Saturday, 18 January 2014

Downtime (update)

Sooz Book Reviews is on downtime

Back at the end of the month
when YA fiction reviews are to be continued

In the meantime, if you were lucky enough to get a Kindle (or other e-reading device) for Christmas, check out my A-Z Genres page
 for some e-book reading ideas.

I'm off to pastures warm and tropical.  Seeya! ;)

Friday, 10 January 2014

Fading Amber by Jaime Reed

Publication date:  24 December 2012
Published by:  K-Teen/Dafia
Genre: Fantasy (Young Adult)

**Caution: contains spoilers**  You might want to skip synopsis and go straight to review.

My Synopsis
Fading Amber is Book 3 of the Cambion Chronicles Trilogy.

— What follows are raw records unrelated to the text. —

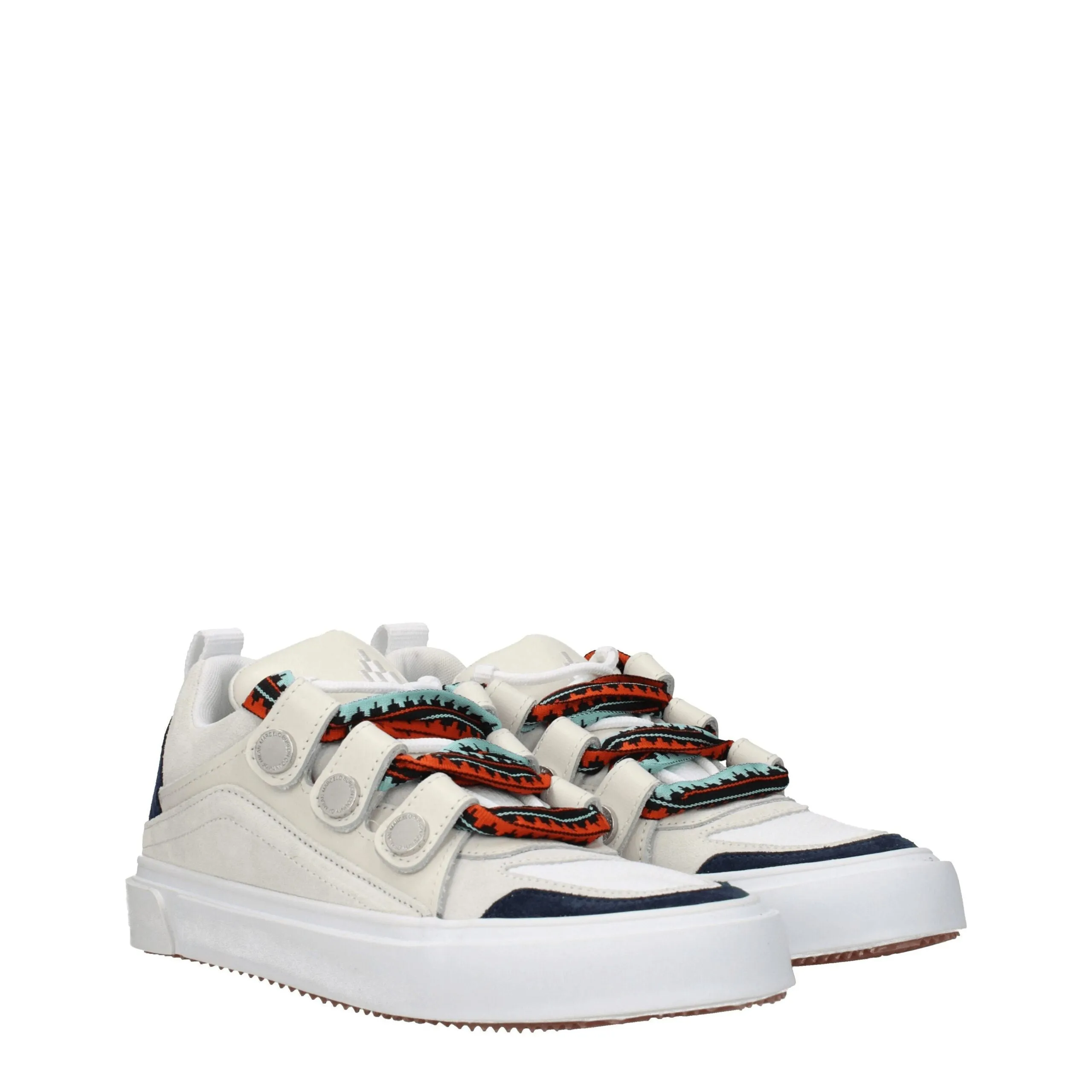 Marcelo Burlon Beige Leather Low Top Sneakers sold by Siebentaschen product image thumbnail 2
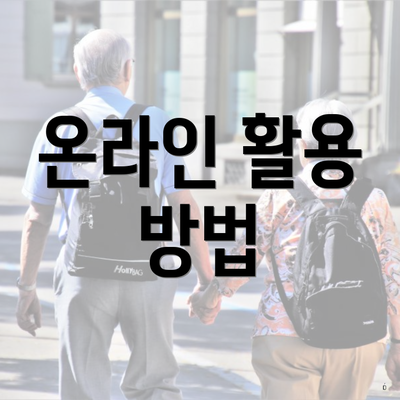 온라인 활용 방법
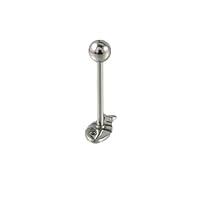 Algopix Similar Product 5 - caralin Stainless Steel Tongue Studs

In Book 2, Burning Emerald, Samara became a Cambion and Caleb was badly injured and hospitalised.  Samara's new supernatural status attracted an unsavory character, a demon named Tobias (her sentient Lilith's mate, returned to claim her).  Lilith was pleased that her mate returned for her and Samara had to fight to maintain control of her body so that Lilith would not take over her consciousness.  She began to experience black-outs that became more frequent and the novel ended on a cliffhanger.

Fading Amber begins with Samara back home in her room.  She is trapped, suspended from the ceiling by Lilith.  She is aware that she has had another black-out and does not know how she came to be there.  The last thing she remembers is leaving her school building.  Lilith eventually releases her from suspension and Samara tries to communicate with her for an explanation, but she refuses to respond.  Samara finds a note in her own handwriting urging her not to try to find out what happened, signed by Lilith.

Sam returns to normal life - school and her part-time job at Buncha Books.  Caleb is out of hospital and his brothers are still in town.  Tobias seems to have disappeared, as has Malik, the deceased teenage boy he took the form of. Tobias' body has been separated (and hidden) from his soul and he is trying to get it back.  He knows Caleb and his brothers are responsible and know where it is hidden and he sees Samara as his only chance to get it back.  Sam and Caleb, with the help of his brothers, try to stop Tobias' soul before it retrieves and unites with its body.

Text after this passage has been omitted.